### Data section ###
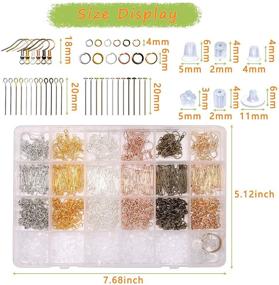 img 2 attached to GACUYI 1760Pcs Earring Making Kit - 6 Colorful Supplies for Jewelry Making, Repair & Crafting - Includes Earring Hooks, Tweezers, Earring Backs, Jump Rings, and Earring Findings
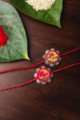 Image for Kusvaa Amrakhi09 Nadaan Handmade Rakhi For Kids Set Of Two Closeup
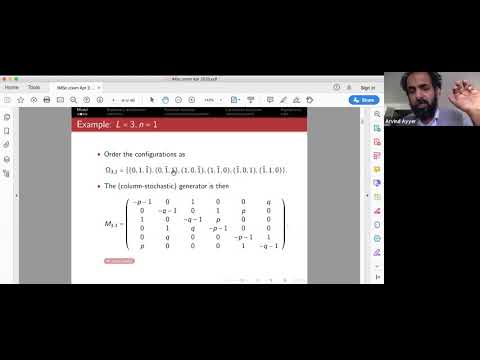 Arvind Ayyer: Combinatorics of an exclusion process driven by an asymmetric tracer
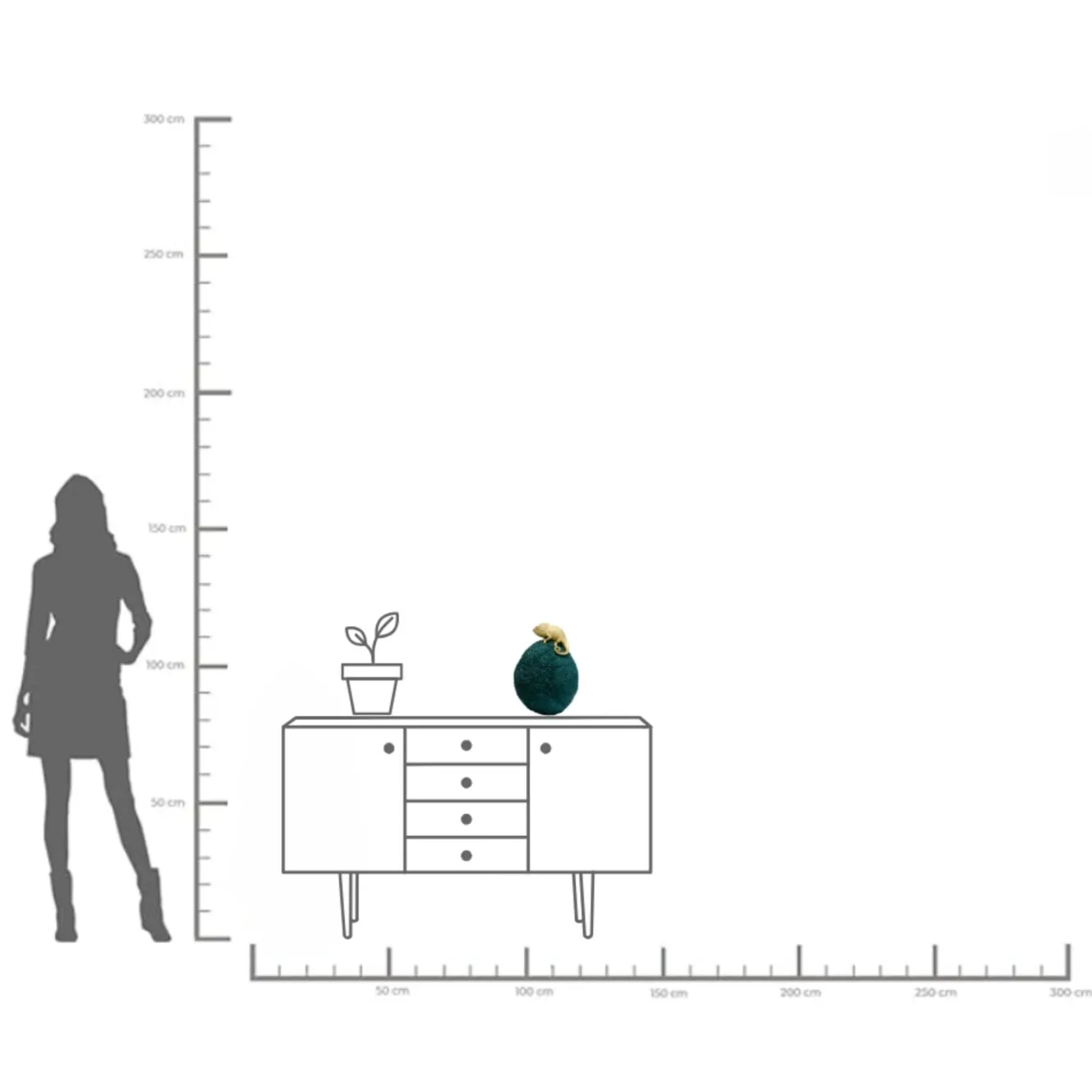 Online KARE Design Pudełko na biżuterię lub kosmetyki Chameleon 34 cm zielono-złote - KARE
###
### Required work
Starting with the first line of the data, transcribe every line exactly through the one containing "Arvind Ayyer: Combinatorics". No pictures go in.

### Written answer
 img 2 attached to GACUYI 1760Pcs Earring Making Kit - 6 Colorful Supplies for Jewelry Making, Repair & Crafting - Includes Earring Hooks, Tweezers, Earring Backs, Jump Rings, and Earring Findings
 Image for Kusvaa Amrakhi09 Nadaan Handmade Rakhi For Kids Set Of Two Closeup
 Arvind Ayyer: Combinatorics of an exclusion process driven by an asymmetric tracer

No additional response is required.